AI

Microsoft’s plan to fix its chip problem is, partly, to let OpenAI do the heavy lifting

Microsoft is literally taking a page from OpenAI’s playbook. Bloomberg first reported that the tech giant plans to use its partner’s custom chip development to bolster its own struggling semiconductor efforts, a move that looks increasingly pragmatic given Microsoft’s lackluster performance compared to rivals like Google and Amazon.

The arrangement is simple: OpenAI designs AI chips with Broadcom and Microsoft gets full access to the innovations. “Because they innovate even at the system level, we get access to everything,” CEO Satya Nadella explains newly published interview with podcaster Dwarkesh Patel, describing plans to adopt OpenAI’s designs and then extend them for Microsoft’s own purposes.

Under a revised partnership agreement, Microsoft secured the intellectual property rights to OpenAI’s chip designs, while retaining access to the company’s AI models until 2032. The only exception?
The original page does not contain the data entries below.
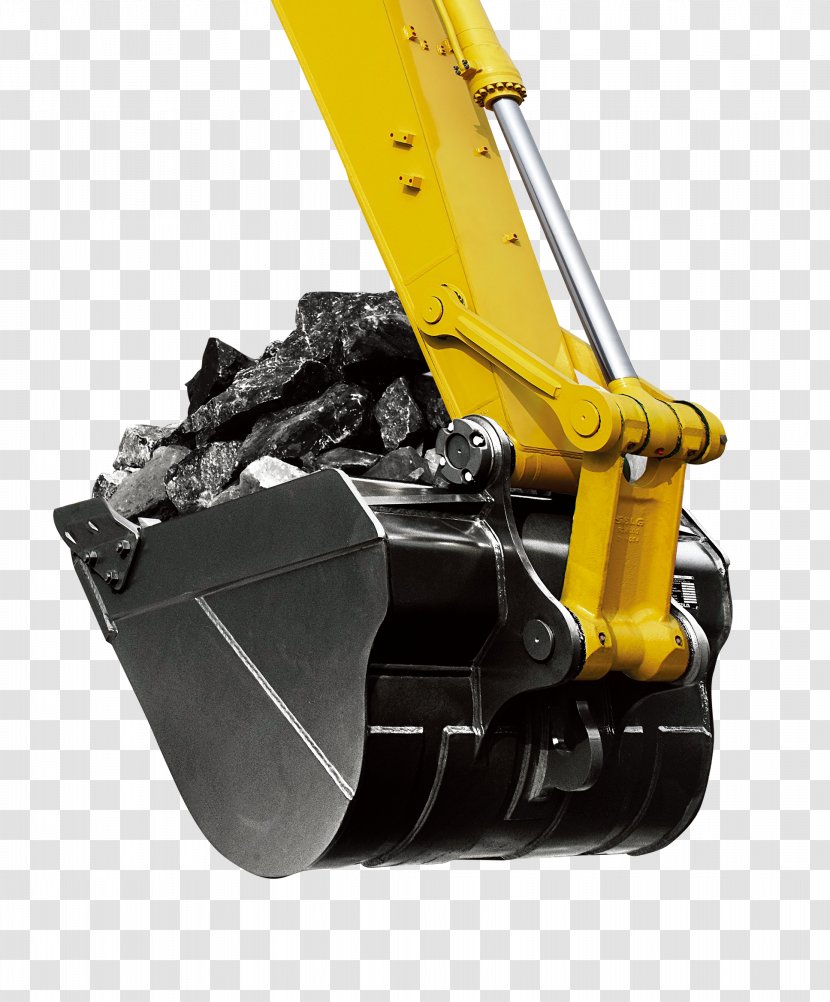 Machine Excavator Bulldozer Oil - Hydraulic Machinery - Coal Mine Transparent PNG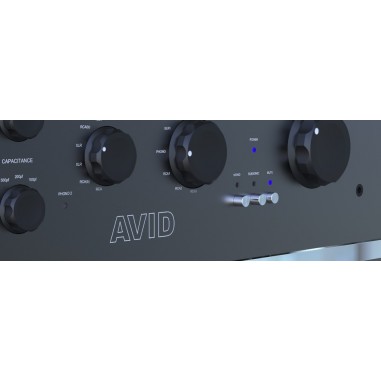 Avid hifi reference pre-amplifier, nero - preamplificatore stereo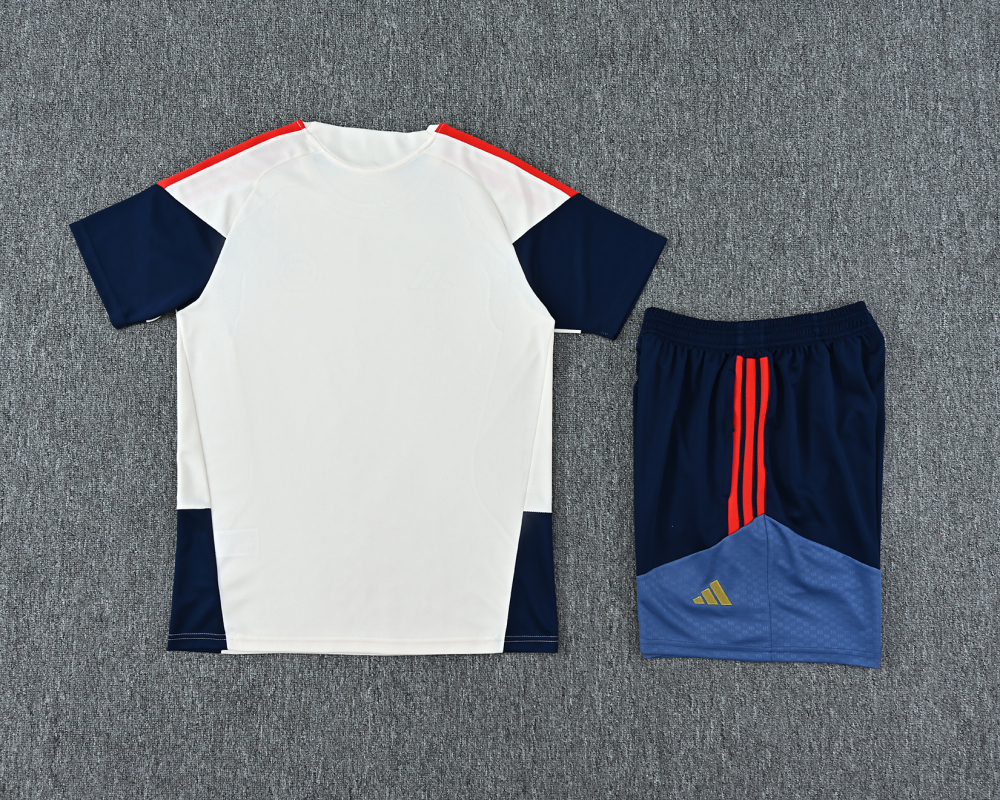 2627 Bayern short sleeved training uniform（短袖训练服）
OpenAI’s consumer hardware, which the ChatGPT maker probably wants to develop and sell independently.

The collaboration underlines a broader reality in technology: building advanced AI chips is brutally difficult and expensive. Rather than continue to struggle alone, Microsoft is betting that OpenAI’s expertise – plus a smartly structured contract – can accelerate its own ambitions.